= Beginning of Section =
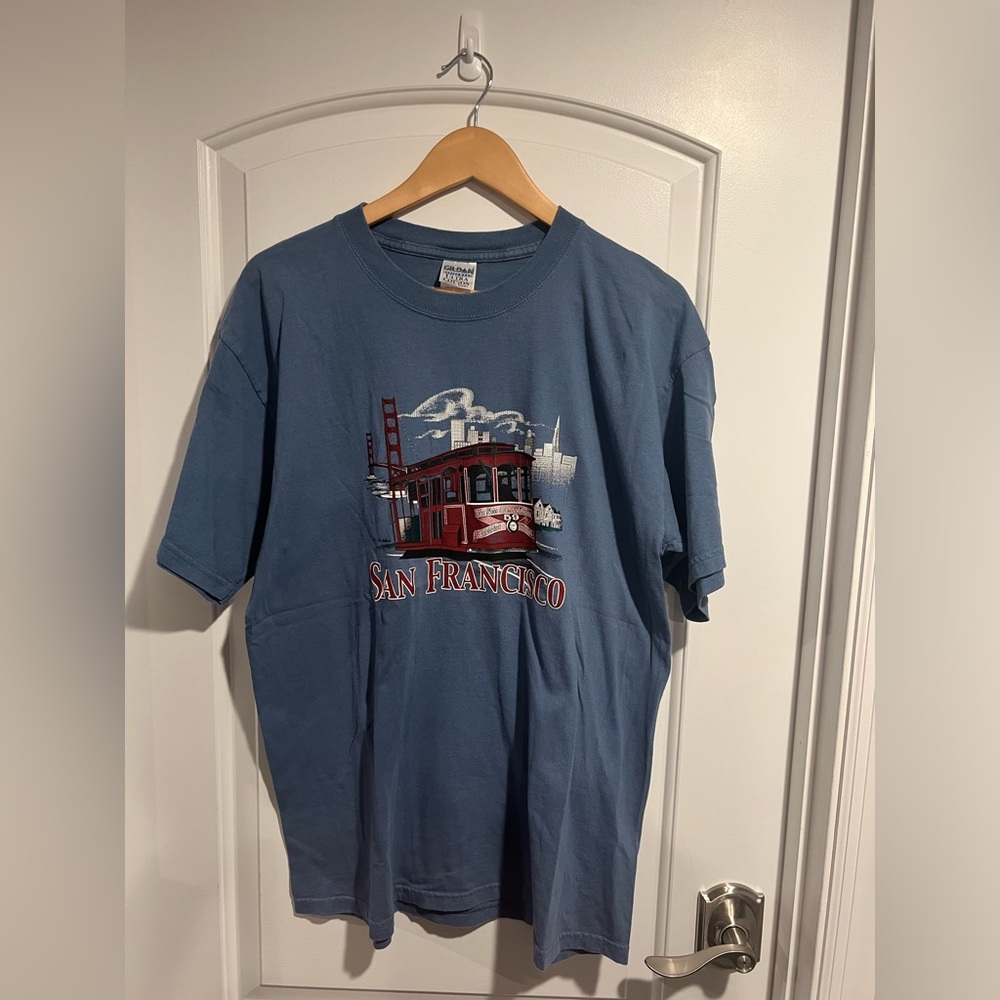 Gildan Heavyweight Ultra Cotton Graphic Blue San Francisco Tee Size Large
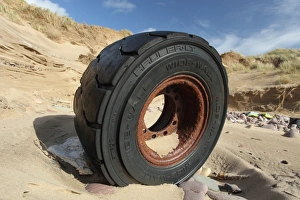 Environmental Prints: Wheel washed up in sand dune, Gower Peninsula, West Glamorgan, South Wales, March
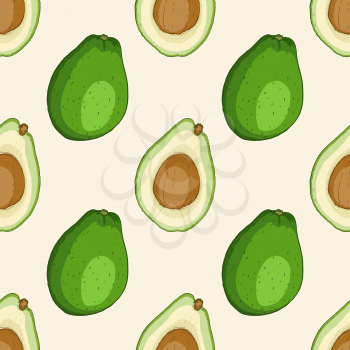 Hand drawn tropical seamless pattern with avocado fruit. Vector background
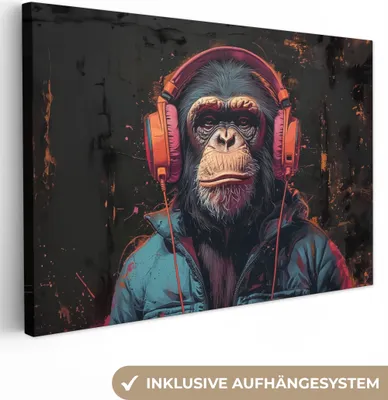 Produktbild von MuchoWow® - Leinwandbilder - Graffiti - Schimpanse - Kopfhörer - Affe, Wandbild, Wanddeko Bilder Wohnzimmer, 120x80cm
= End of Section =
■ ASSIGNED TASK ■
The expected output is the exact run of lines from the one containing "Environmental Prints: Wheel" through the final line of the data above, both ends included, with no pictures.

■ WORKED SOLUTION ■
 Environmental Prints: Wheel washed up in sand dune, Gower Peninsula, West Glamorgan, South Wales, March
 Hand drawn tropical seamless pattern with avocado fruit. Vector background
 Produktbild von MuchoWow® - Leinwandbilder - Graffiti - Schimpanse - Kopfhörer - Affe, Wandbild, Wanddeko Bilder Wohnzimmer, 120x80cm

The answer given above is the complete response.